• Task brief: Retype exactly the span of lines below from the one with "シンプルクリームタンベージュヴィンテージベリーバンド 招待状ベリーバンド" through the one with "The Research Library’s". Do not include pictures.

• Given entries:
++++++

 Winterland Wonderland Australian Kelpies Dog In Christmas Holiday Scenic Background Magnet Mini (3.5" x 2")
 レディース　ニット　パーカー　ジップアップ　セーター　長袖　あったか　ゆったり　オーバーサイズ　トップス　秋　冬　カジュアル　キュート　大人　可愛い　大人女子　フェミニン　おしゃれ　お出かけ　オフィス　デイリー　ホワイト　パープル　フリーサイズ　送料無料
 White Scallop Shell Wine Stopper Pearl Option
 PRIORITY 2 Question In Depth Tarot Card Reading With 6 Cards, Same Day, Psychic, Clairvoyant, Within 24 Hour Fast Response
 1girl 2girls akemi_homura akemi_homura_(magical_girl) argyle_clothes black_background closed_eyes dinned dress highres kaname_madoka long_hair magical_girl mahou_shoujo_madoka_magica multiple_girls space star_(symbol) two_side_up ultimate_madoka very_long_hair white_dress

++++++

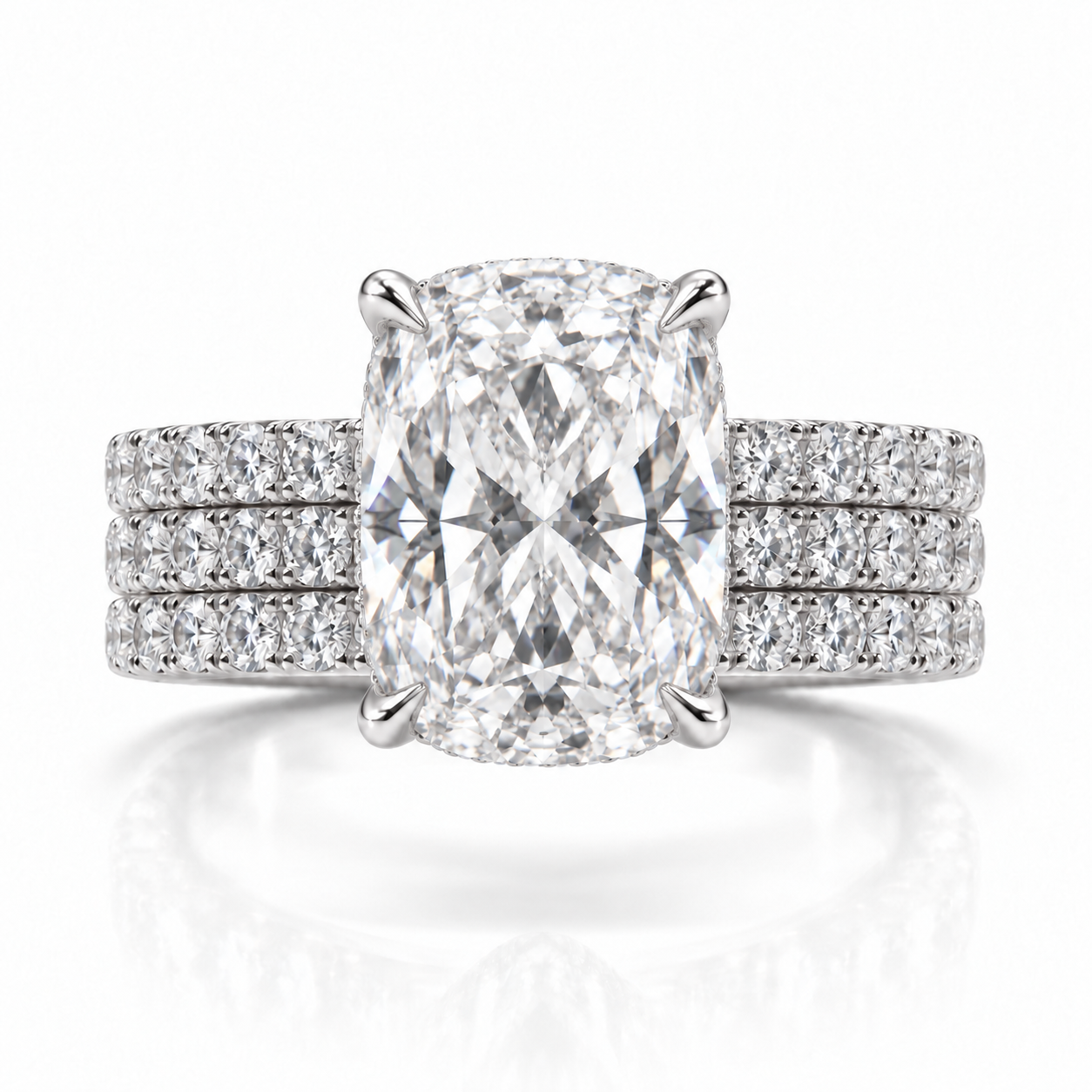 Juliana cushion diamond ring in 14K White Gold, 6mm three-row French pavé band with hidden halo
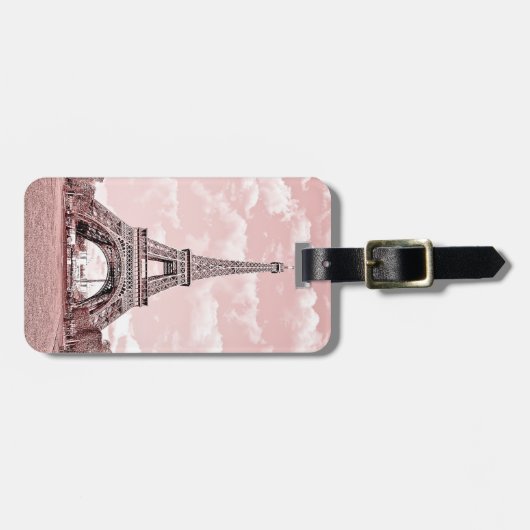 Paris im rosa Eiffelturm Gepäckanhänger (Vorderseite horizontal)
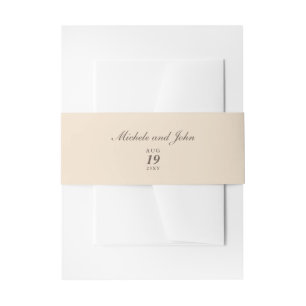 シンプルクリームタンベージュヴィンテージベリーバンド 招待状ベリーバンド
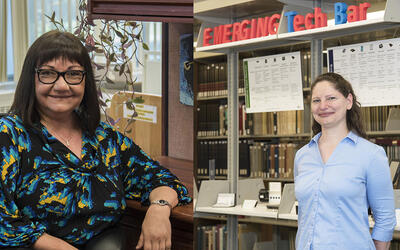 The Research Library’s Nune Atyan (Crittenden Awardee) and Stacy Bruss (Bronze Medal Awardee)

++++++

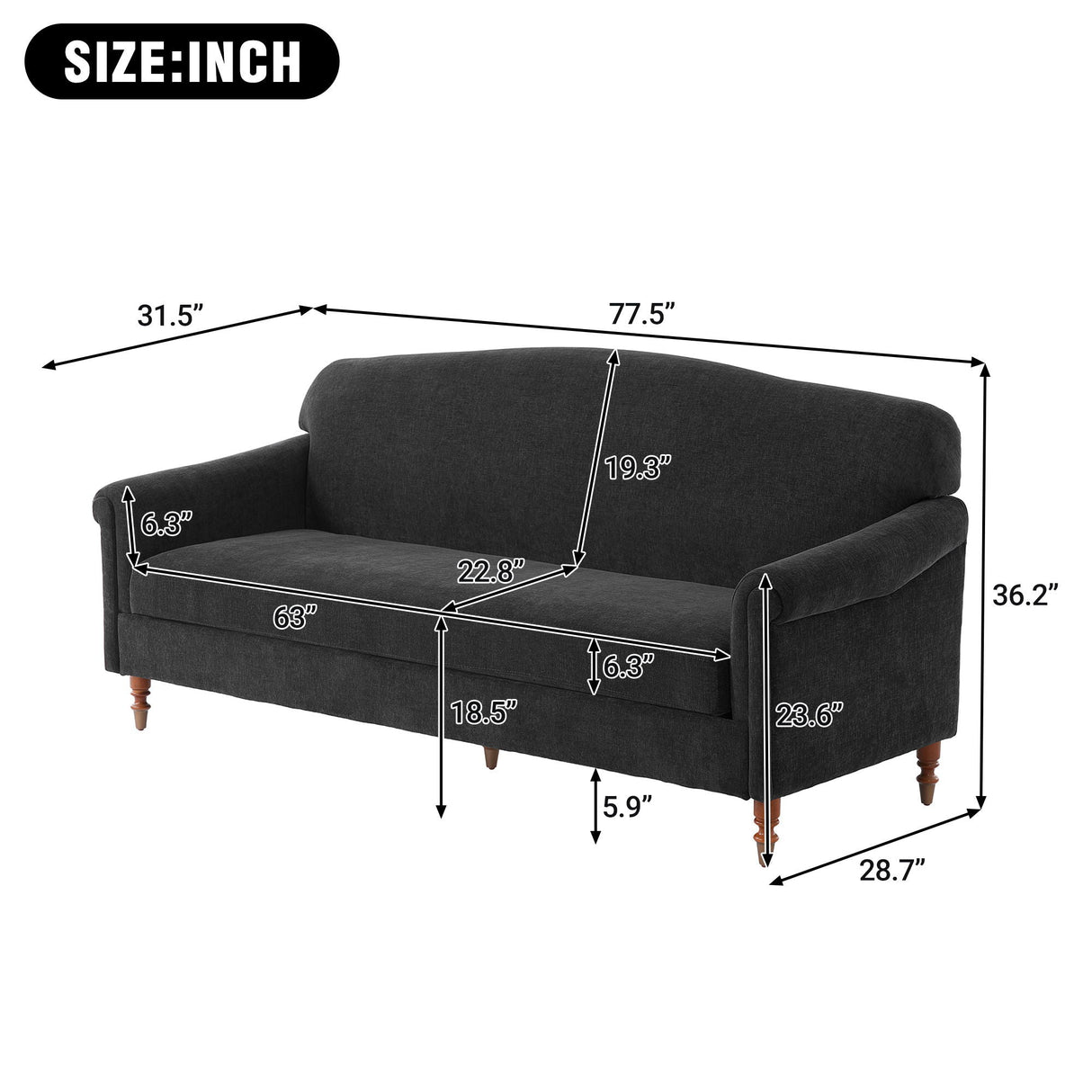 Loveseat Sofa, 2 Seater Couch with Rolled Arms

++++++

• Exercise answer:
 シンプルクリームタンベージュヴィンテージベリーバンド 招待状ベリーバンド
 The Research Library’s Nune Atyan (Crittenden Awardee) and Stacy Bruss (Bronze Medal Awardee)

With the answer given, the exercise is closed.